On the Horizon
Crazy from Too Much Choice
By Robert Hayes, MRC News, Winter 2004
Last month Congress added a drug benefit to Medicare that beginning in 2006 will help some people and ensure that the American consumer (and taxpayer) continues to pay 50 percent more to drug manufacturers than the rest of the developed world does.
The House of Representatives approved the legislation by a hair at five a.m. on a wintry November Saturday. The Congressmen and women stayed up all night–it took that long for the House Speaker to find enough House Republicans to change their votes and support the legislation.
What went unnoticed is that the House vote came on the 40th anniversary of the death of the author of Profiles in Courage, JFK, the President who tried and failed to enact the Medical Care for the Aged program in 1962. Three years later, after the death of a president and the landslide election of 1964, it was left to President Lyndon Johnson to sign Medicare into law.
Only after President Bush signed the Medicare Prescription Drug, Improvement, and Modernization Act of 2003, as the law is called, did most members of Congress begin to appreciate some of the finer points of the law they had just made.
That was understandable: the House roll call on the 681 page legislation began 24 hours after the bill itself was printed. Say what you will about the House of Representatives, it does not have a lot of speed readers.
So what hath Congress wrought? It’s hard to know where to begin.

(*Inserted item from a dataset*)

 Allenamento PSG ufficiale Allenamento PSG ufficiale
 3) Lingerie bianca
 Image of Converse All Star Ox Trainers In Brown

Much has already been said and written about the parameters of the drug benefit, about the give-aways to drug and insurance industries, and about the welcome addition of some added coverage for preventive health care.
Too little has been said about the complexity of the legislation, complexity that will undermine any coherent administration of the law by federal and state agencies.
But our sympathies for the administrators are trumped by the fate facing people with Medicare. They will be overwhelmed by the complexity of decisions that the new system will force upon them.
First, Congress and the White House are pouring billions of dollars into private insurance companies, hoping these subsidies will attract private plans with benefits that will lure millions of people with Medicare away from Original Medicare. By next year, the government will pay private plans some 25 percent more than it would cost if those same members were in Original Medicare.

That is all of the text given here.